-------- Input material
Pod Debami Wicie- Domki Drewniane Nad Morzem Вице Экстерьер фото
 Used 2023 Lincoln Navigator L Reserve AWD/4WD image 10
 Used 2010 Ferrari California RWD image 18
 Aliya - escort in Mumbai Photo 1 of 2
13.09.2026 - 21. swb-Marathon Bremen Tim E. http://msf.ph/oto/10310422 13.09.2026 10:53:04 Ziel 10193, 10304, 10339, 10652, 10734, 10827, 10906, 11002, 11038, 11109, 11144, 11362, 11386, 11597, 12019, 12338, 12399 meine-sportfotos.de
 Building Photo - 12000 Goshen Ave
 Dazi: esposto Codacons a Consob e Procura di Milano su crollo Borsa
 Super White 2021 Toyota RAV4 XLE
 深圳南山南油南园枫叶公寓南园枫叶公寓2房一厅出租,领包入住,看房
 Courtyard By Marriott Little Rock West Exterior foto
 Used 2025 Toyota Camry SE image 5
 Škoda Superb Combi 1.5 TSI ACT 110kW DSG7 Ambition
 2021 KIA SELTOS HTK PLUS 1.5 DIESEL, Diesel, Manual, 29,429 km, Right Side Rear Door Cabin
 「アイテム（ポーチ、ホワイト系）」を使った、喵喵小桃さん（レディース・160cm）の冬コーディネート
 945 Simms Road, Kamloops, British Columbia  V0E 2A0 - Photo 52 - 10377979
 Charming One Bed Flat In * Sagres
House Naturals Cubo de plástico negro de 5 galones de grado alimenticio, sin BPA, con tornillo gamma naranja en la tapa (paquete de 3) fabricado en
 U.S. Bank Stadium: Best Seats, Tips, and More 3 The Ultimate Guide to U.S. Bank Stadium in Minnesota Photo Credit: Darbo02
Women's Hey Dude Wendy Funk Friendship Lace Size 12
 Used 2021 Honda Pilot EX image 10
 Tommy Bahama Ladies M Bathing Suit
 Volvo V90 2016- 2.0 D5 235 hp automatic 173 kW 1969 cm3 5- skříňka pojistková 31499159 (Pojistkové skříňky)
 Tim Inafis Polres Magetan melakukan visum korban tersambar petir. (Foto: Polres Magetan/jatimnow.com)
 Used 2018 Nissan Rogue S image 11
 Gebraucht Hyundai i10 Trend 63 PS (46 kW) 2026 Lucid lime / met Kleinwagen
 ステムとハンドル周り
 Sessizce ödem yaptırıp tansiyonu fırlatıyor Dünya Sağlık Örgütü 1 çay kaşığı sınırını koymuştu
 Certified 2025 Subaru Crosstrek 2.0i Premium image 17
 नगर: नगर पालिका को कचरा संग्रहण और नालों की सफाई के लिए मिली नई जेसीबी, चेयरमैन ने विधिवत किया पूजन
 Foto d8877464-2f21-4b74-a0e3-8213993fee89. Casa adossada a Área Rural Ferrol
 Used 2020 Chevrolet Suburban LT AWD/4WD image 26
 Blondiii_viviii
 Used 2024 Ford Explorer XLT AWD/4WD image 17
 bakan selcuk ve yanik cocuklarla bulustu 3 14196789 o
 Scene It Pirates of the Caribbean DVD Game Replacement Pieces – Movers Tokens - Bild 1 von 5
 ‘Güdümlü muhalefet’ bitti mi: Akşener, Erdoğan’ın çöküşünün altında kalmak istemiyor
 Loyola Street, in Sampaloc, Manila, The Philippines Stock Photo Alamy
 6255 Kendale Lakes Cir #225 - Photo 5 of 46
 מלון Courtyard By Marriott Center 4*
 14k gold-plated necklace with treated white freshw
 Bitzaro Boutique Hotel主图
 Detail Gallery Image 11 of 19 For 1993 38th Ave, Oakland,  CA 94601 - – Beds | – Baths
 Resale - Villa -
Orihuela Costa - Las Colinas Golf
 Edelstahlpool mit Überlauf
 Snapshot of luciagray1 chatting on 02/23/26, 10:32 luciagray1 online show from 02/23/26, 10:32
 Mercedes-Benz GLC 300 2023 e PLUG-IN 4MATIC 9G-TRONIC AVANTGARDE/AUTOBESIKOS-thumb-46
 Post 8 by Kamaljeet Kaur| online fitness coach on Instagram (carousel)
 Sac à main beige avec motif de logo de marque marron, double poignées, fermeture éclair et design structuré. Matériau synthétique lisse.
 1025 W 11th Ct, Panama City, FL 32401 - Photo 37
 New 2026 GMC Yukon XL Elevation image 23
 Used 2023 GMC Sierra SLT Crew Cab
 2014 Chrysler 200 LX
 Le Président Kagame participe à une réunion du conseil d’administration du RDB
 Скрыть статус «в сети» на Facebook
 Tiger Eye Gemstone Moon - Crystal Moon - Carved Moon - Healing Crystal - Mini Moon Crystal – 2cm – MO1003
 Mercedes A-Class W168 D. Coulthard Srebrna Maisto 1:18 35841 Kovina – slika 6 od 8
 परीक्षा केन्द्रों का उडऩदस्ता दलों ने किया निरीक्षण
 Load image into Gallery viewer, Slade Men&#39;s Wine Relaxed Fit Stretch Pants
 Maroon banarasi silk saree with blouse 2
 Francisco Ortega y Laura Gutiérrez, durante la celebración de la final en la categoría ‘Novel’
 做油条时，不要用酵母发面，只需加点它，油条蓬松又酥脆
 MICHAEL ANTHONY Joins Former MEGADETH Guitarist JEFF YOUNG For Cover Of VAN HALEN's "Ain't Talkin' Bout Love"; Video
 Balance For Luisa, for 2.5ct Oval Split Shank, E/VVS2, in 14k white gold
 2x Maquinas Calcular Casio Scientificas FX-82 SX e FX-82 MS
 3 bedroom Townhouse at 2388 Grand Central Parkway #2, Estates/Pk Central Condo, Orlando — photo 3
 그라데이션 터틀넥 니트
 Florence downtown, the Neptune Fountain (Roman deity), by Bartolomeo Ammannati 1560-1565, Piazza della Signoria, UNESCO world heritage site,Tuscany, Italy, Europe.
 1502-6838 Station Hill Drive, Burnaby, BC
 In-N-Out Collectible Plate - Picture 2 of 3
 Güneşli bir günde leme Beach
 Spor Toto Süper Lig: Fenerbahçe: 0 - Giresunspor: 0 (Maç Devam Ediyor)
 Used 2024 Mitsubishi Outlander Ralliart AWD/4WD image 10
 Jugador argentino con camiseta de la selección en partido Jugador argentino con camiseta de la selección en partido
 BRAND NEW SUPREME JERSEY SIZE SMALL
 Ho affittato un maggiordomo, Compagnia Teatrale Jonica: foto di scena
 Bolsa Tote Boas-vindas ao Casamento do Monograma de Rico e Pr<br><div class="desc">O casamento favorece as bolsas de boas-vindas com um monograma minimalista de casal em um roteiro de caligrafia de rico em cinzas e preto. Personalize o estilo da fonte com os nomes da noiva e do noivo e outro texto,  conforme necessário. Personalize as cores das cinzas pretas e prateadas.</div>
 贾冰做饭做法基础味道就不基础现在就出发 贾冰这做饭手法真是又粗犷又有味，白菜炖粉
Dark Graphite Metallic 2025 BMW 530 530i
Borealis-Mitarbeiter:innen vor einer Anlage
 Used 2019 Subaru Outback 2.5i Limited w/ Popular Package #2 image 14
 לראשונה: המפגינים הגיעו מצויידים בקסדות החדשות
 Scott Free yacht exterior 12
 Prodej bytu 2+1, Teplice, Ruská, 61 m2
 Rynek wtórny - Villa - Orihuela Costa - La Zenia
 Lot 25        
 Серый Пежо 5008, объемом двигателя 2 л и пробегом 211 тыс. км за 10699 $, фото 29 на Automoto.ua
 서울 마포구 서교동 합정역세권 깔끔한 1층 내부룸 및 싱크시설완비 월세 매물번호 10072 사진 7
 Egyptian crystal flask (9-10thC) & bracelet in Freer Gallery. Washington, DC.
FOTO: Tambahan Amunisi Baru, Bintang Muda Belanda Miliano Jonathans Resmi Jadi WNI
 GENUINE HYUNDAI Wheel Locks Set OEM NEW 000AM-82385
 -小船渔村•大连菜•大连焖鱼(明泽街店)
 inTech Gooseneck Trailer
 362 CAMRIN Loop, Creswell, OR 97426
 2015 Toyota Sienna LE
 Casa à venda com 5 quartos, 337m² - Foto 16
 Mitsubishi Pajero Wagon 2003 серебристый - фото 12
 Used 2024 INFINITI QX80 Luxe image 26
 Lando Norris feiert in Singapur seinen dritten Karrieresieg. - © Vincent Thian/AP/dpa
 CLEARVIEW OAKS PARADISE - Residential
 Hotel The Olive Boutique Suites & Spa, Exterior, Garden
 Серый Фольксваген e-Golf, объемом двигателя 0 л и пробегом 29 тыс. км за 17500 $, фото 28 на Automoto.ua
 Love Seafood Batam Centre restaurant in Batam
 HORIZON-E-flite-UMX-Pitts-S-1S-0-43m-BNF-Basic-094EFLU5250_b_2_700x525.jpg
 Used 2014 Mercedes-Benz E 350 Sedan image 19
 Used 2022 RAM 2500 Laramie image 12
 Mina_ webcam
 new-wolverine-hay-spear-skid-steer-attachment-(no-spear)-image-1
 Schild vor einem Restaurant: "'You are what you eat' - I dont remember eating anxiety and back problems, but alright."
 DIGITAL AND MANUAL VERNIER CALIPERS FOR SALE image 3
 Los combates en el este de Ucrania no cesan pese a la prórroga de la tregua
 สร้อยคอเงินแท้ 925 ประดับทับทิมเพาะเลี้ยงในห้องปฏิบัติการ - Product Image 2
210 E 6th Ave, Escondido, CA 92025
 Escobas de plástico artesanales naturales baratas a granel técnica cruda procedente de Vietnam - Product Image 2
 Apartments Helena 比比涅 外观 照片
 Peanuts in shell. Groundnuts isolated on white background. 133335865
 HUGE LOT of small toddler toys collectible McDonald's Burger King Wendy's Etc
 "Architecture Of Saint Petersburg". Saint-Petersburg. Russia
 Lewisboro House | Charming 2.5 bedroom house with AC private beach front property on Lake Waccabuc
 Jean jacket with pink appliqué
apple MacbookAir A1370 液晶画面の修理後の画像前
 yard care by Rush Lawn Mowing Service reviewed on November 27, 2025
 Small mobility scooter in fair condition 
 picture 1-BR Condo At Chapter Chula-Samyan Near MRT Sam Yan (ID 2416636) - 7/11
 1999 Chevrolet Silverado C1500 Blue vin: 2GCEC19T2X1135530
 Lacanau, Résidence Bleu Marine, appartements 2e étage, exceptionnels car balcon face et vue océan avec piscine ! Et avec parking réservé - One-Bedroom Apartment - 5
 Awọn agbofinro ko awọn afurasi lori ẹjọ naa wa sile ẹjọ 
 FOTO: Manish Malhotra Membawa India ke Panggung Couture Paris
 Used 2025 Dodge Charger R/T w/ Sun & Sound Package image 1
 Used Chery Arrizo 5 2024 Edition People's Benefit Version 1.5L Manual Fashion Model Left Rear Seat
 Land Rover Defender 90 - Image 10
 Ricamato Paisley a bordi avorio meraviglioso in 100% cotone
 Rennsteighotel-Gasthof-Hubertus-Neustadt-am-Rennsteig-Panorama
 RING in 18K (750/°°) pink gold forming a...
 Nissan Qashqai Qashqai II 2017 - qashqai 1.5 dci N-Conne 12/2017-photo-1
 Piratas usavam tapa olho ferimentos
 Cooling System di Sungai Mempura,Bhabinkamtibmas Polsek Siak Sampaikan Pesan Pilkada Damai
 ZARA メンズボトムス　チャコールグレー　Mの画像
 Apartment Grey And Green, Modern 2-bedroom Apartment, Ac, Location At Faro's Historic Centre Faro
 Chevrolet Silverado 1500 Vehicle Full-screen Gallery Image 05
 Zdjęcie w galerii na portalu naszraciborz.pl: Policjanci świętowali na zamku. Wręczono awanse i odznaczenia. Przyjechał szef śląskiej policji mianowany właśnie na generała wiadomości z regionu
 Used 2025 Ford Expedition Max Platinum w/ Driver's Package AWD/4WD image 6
----------------
Aim of the task | What lines in the records contain the word "Rear"? Return each one.

Response to the exercise |
 2021 KIA SELTOS HTK PLUS 1.5 DIESEL, Diesel, Manual, 29,429 km, Right Side Rear Door Cabin
 Used Chery Arrizo 5 2024 Edition People's Benefit Version 1.5L Manual Fashion Model Left Rear Seat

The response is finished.